5. When children who are bound by fear and worry
from their parents grow up and get married, they may become anxious when their
husbands want to spend time alone or with friends (p. 83). In our case, because I am hyper-independent,
I think my wife may feel anxious when I establish clear boundaries with her and
am comfortable being alone. “While the
avoider may prefer to be alone, pleasers actually feel lost and anxious when
they’re isolated” (p. 84). Of course, my
wife has improved a lot and doesn't feel anxious like she did at the beginning
of our marriage. However, I still think
that since my wife has not yet fully embraced independence like I have, she
might try to please me in order to alleviate her anxiety when I want to be
alone. In doing so, she might try even harder to spend more time together,
because that might help her reduce her anxiety to some extent.
6. “Making decisions requires a level of
self-reliance and self-confidence.
Decision making becomes difficult when we are overly concerned about
rejection or making others mad” (p. 84).
The reason this phrase makes me think for a moment is that, in my
opinion, my wife finds it very difficult to make decisions. While she has improved a lot since the early
days of our marriage, I still think she struggles with decision-making. To that extent, it seems that my wife worries
excessively about being rejected or making others angry. As a pleaser, she is naturally sensitive to
other people's reactions, because if others are happy, she will be happy
too. So, if my wife wants to make decisions
about things she wants to do with me, hoping to make me happy by pleasing me,
she must be very mindful when we discuss it. Ha ha. It’s not a laughing matter, but the reason I
laugh is that just yesterday, while we were having dinner, my wife was talking
about her Korean marathon group, which has a year-end meeting in mid-December.
She asked me via text whether I would go with her, and after asking, she
thought a lot about whether I would be uncomfortable if I said "yes"
and went. Haha. If I (being an avoider) go there and don’t know anyone (except
her), and feel uncomfortable, it would mean that I’m not making her happy, so
from her perspective, it’s understandable that she would be worried and
anxious. So, after sending me the
invitation for the year-end gathering via KakaoTalk yesterday, my wife wrote,
‘Should I go or not???’ and sent it to me. Haha. In the end, while we were having dinner
yesterday, my wife talked to her running friend to find out what would be
happening at the year-end gathering (since I wanted to know), and we agreed to
discuss it further and make a decision later. Haha.

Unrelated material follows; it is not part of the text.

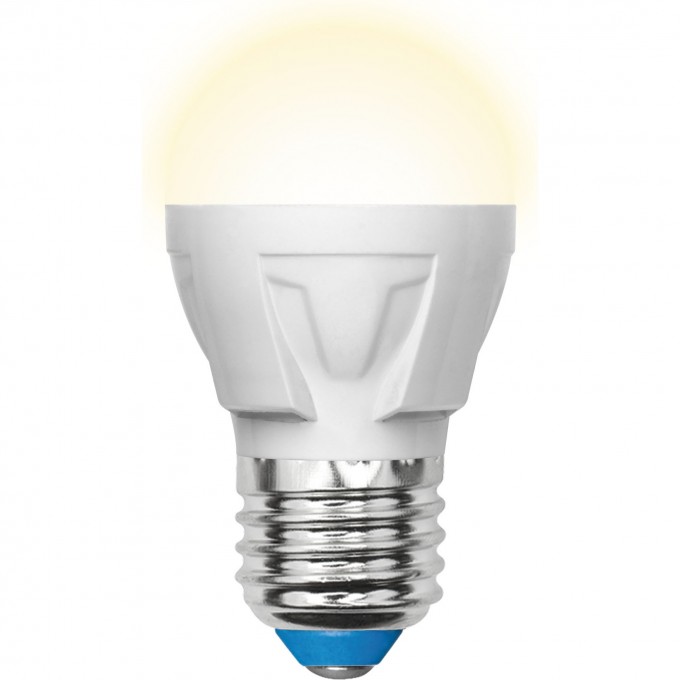 Лампа светодиодная UNIEL LED-G45 7W/WW/E27/FR PLP01WH картон UL-00002420 Лампа светодиодная UNIEL LED-G45 7W/WW/E27/FR PLP01WH картон UL-00002420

7. “Fearful pleasers usually control in passive
ways with one purpose in mind: to keep others close to them. When people around
them detach emotionally or physically, the pleasers' apprehensions intensify”)
(pp. 85-86). When I think about this phrase, I realize that my wife, as a
pleaser, wants to keep me close, while I, as an avoider, tend to be overly
independent and prefer to have some distance from her, enjoying my own time
alone. Our marriage is like that. Haha. However, as I reflect on how different we
are, I believe I can see God's providence in it through the lens of faith. Yesterday, I shared my thoughts with my wife:
‘I think God paired you and me together to make us husband and wife because, as
an avoider who is overly independent, He wants me to believe in Him and fully
support you, the pleaser. This way, you
can feel more confident and do things like run without me and even go rock
climbing with other men. You’ve gained a
lot of confidence in doing things on your own.’

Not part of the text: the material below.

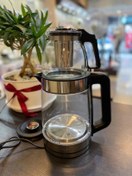 تصویر چای ساز گوسونیک مدل GST-766 ظرفیت ۱.۸ لیتر با کتری شیشه‌ای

So, I see that my wife is becoming more and more capable of doing things
by herself, even without me. She no
longer feels anxious or afraid when we are apart. To me, this feels like God's providence in
bringing together an avoider like me and a pleaser like her to be married.
Haha.
8. “As a result, time management can be a problem
as their schedule becomes overcrowded and unmanageable in their attempts to
make everyone happy” (p. 86). As I read
this passage, I thought of my wife because, as a pleaser, she often struggled
with time management in her efforts to satisfy everyone in our family. For example, when we used to talk about doing
something together as a family, she wanted to please not just me as her husband
but also our children. Planning
everything on time and putting it into action became a burden and a source of
stress for her. So, I believe that
managing time according to a schedule has always been very difficult for her,
and it still doesn’t seem easy. As a
pleaser, she naturally tends to think a lot while trying to make everyone
happy, and she is not the type to quickly organize those thoughts and take
immediate action. On the other hand, I,
as an avoider, am overly independent and make little effort to please or
satisfy others, so deciding something and putting it into action isn’t very
difficult for me. From my wife’s
perspective, it might seem like I manage my time easily, and at the same time,
she may feel guilty for not being able to manage time like I do. She might also feel that she fails to please
me, someone who values punctuality. In the differences between us as a couple,
I see God's providence. Over time, my
wife has started to consult with me before making decisions. She listens to my
opinions and then decides on her own, which helps her save time and reduce
stress. I increasingly see God's
providence in how He uses our strengths to complement each other’s weaknesses,
and I am learning to perceive this with eyes of faith.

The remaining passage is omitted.